■ WHAT THE EXERCISE ASKS ■
Take the lines in the listing below from the line with "a bathroom with a toilet a sink and a mirror" up to and including the line with "Slow cooker citrus" and set them down exactly, skipping pictures and adding nothing.

■ RECORDS FOR THE TASK ■
════════

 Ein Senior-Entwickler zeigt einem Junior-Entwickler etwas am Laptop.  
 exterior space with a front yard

════════

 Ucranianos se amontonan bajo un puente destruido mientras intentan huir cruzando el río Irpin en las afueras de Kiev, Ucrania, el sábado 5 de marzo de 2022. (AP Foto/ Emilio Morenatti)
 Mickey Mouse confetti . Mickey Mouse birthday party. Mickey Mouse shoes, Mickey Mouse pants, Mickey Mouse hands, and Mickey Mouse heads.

════════

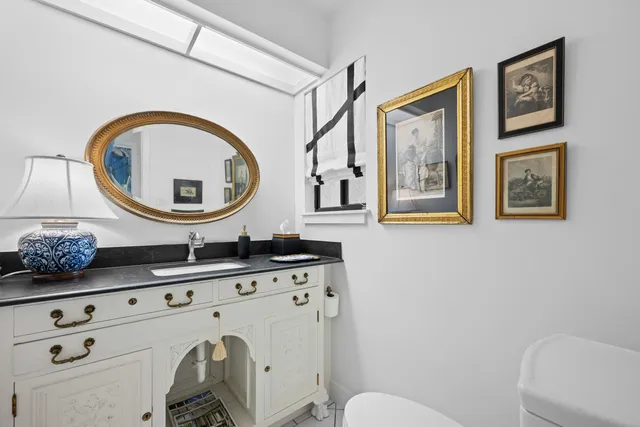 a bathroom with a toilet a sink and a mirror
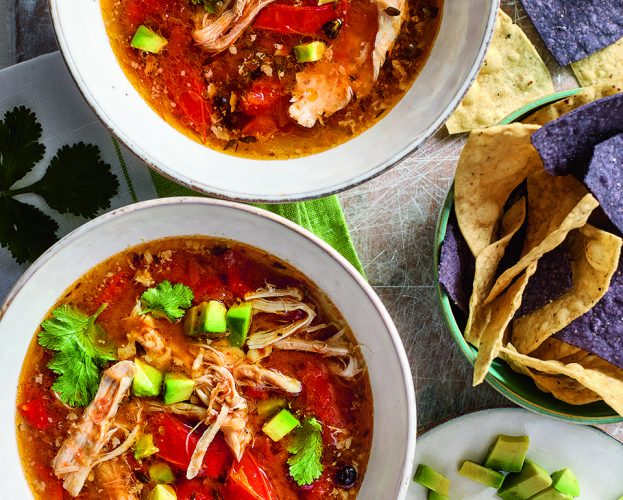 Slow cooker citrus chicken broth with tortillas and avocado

════════

■ SOLUTION FOR THIS EXERCISE ■
 a bathroom with a toilet a sink and a mirror
 Slow cooker citrus chicken broth with tortillas and avocado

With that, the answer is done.